However, criminal sexual conduct charges against Machlitt, were later dropped because the alleged crimes were too old to prosecute.

Another former teacher Shattuck-St. Mary's teacher, Lynn Seibel, faces 14 felony counts of criminal sexual conduct in a separate case stemming from charges made by six former Shattuck-St. Mary's students.

"It was a powerful moment," Jurers said of the Senate vote. "There were so many positive emotions that I couldn't even cry."

The House passed a similar bill last week. A spokeswoman for Gov. Mark Dayton said she expects he will sign the bill into law.

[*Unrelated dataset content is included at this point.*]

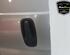 Rear Door OPEL VIVARO A Van (X83), OPEL VIVARO A Bus (X83)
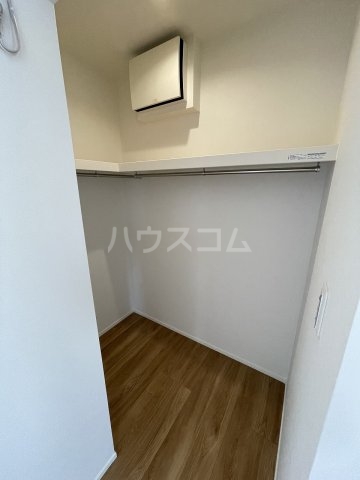 9/30 収納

If that happens, Juers and other Minnesotans who say they suffered sexual abuse as children would be able to sue their alleged abusers and any institutions that were negligent. Right now, those lawsuits are not allowed after the victim turns 24 years old.

State Sen. Ron Latz, DFL-St. Louis Park, authored the bill. He says the current law is unfair.

"We need the courthouse to be open to them when they are able to come forward. Those legally responsible -- perpetrators and those that protect them -- can escape justice just because of the passage of time."

The bill gets rid of the civil statutes of limitation for child sexual abuse cases going forward. Older cases would be treated differently. The bill gives those victims three years to file lawsuits.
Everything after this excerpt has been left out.